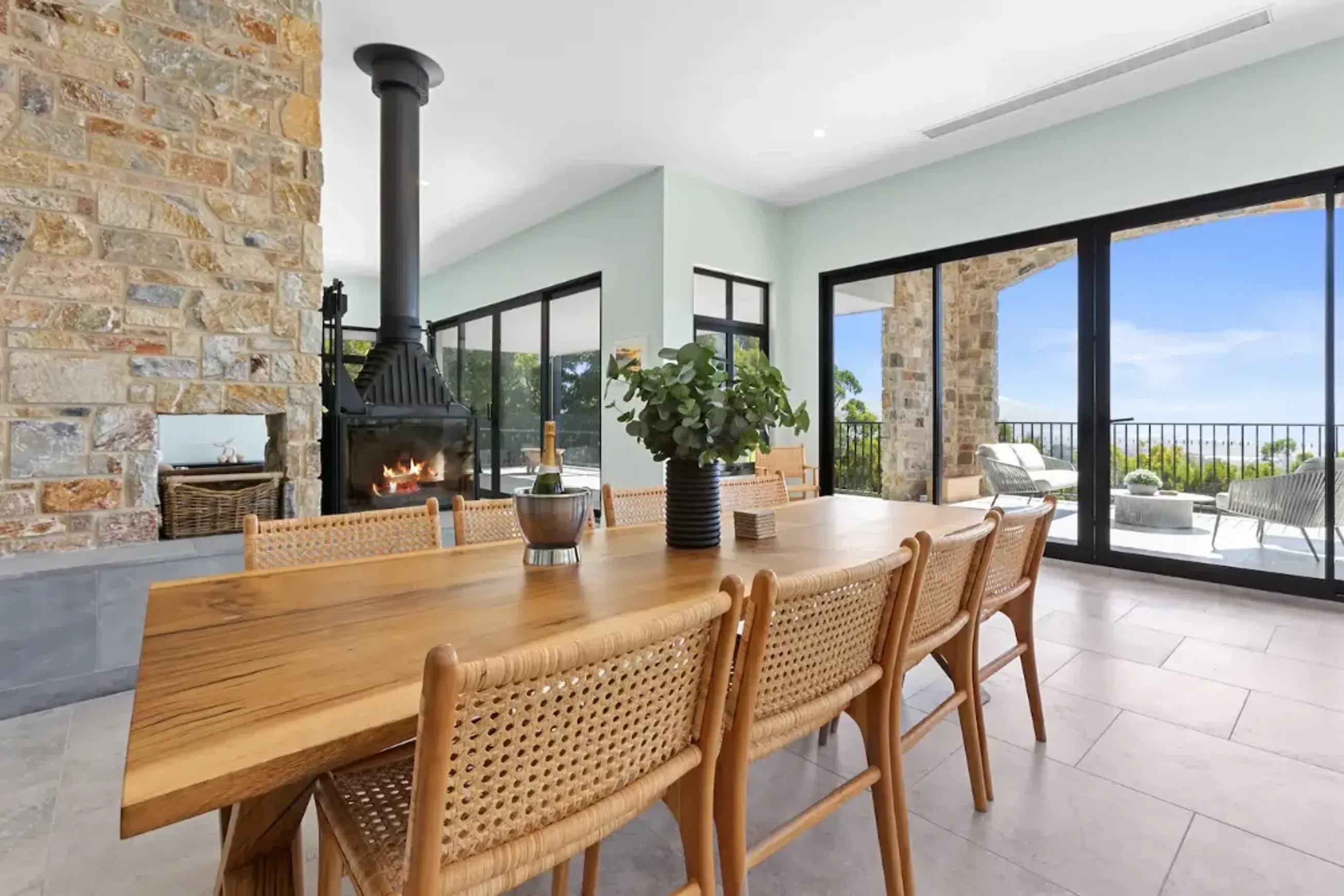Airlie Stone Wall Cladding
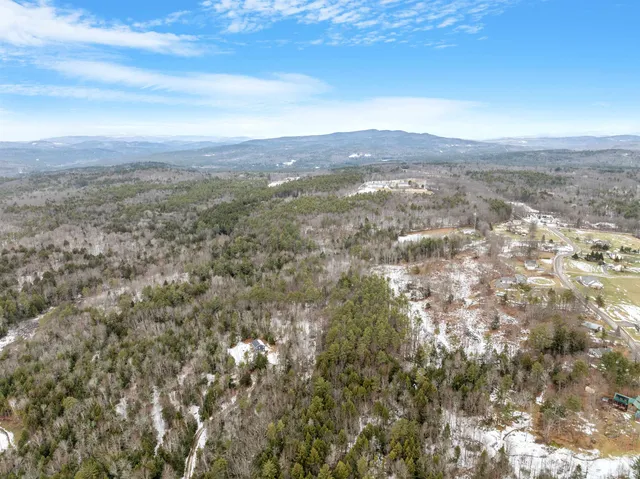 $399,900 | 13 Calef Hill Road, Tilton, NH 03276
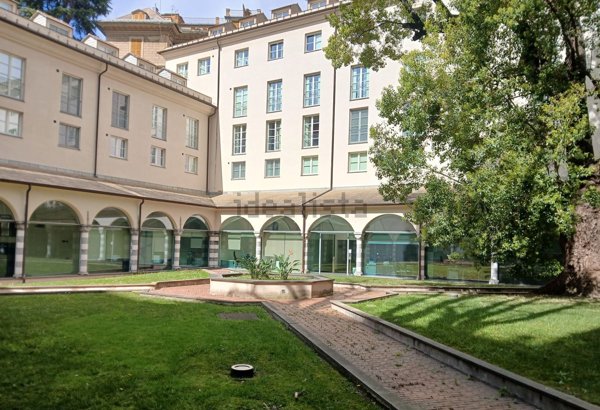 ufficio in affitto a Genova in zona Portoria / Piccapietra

+ + + +

# Exercise details
Make an exact copy of the listing. Leave its pictures out.

# Answer to the problem
Airlie Stone Wall Cladding
 $399,900 | 13 Calef Hill Road, Tilton, NH 03276
 ufficio in affitto a Genova in zona Portoria / Piccapietra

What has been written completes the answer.